Intelligent Transportation Systems

2. The method of claim 1 wherein the controlling at least one aspect of the vehicle is performed via the vehicle control-facilitating interface.

3. The method of claim 1 wherein the controlling at least one aspect of the vehicle is performed by the artificial intelligence system emulating the control-facilitating interface being operated by the human.

4. The method of claim 1 wherein the vehicle control-facilitating interface comprises at least one of an audio capture system to capture audible expressions of the human, a human-machine interface, a mechanical interface, an optical interface and a sensor-based interface.
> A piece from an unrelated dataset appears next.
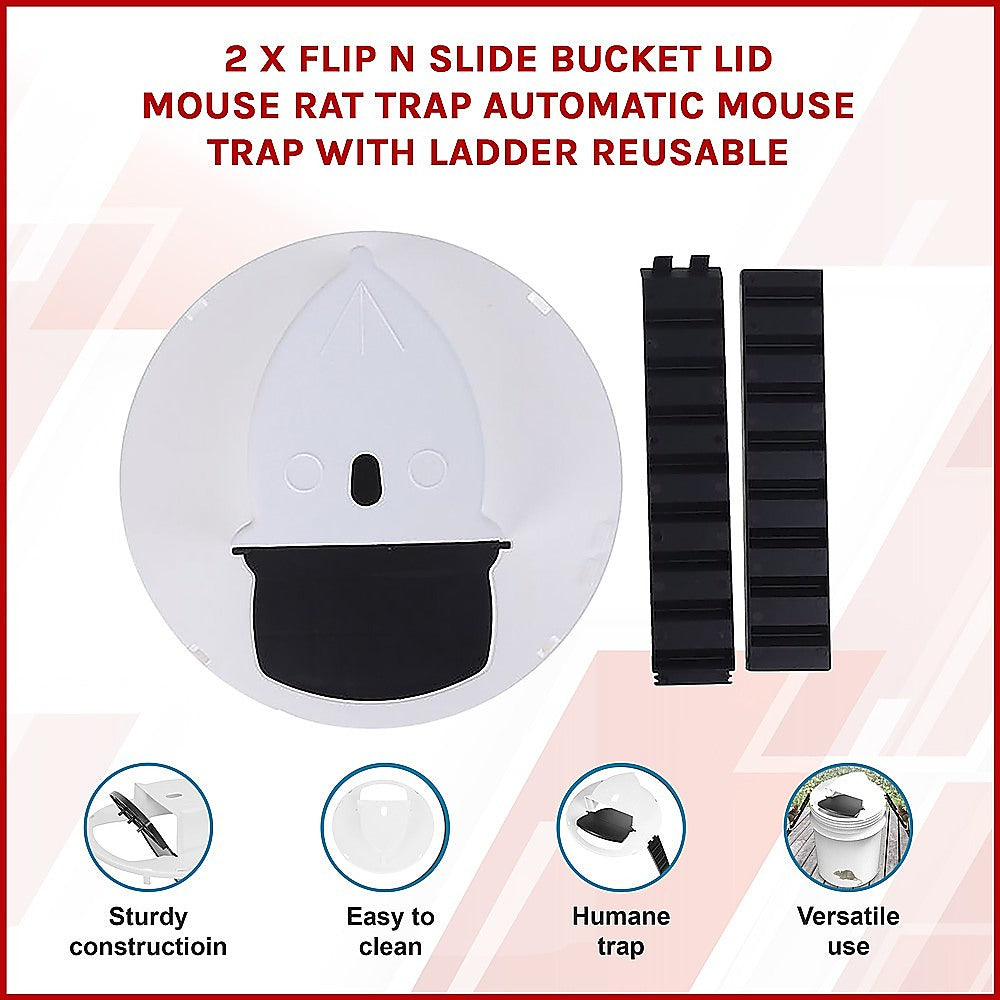2 x Flip N Slide Bucket Lid Mouse Rat Trap Automatic Reusable V63-842071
5. The method of claim 1 wherein the tracking vehicle operational state information comprises tracking at least one of a set of vehicle systems and a set of vehicle operational processes affected by the human interactions.

6. The method of claim 1 wherein the tracking vehicle operational state information comprises tracking at least one vehicle system element, wherein the at least one vehicle system element is controlled via the vehicle control-facilitating interface, and wherein the at least one vehicle system element is affected by the human interactions.

7. The method of claim 1 wherein the tracking vehicle operational state information comprises tracking the vehicle operational state information before, during, and after the human interaction.

8. The method of claim 1 wherein the tracking vehicle operational state information comprises tracking at least one of a plurality of vehicle control system outputs that result from the human interactions and vehicle operational results achieved in response to the human interactions.

9. The method of claim 1 wherein the vehicle is to be controlled to achieve results that are consistent with results achieved via the human interactions.

10. The method of claim 1 further comprising tracking and recording conditions proximal to the vehicle with a plurality of vehicle mounted sensors, wherein the training of the artificial intelligence system is further responsive to the conditions proximal to the vehicle tracked contemporaneously to the human interactions.

11. The method of claim 10 wherein the training is further responsive to a plurality of data feeds from remote sensors, the plurality of data feeds comprising data collected by the remote sensors contemporaneous to the human interactions.

12. The method of claim 1 wherein the artificial intelligence system employs a workflow that involves decision-making and the robotic process automation system facilitates automation of the decision-making.

13. The method of claim 1 wherein the artificial intelligence system employs a workflow that involves remote control of the vehicle and the robotic process automation system facilitates automation of remotely controlling the vehicle.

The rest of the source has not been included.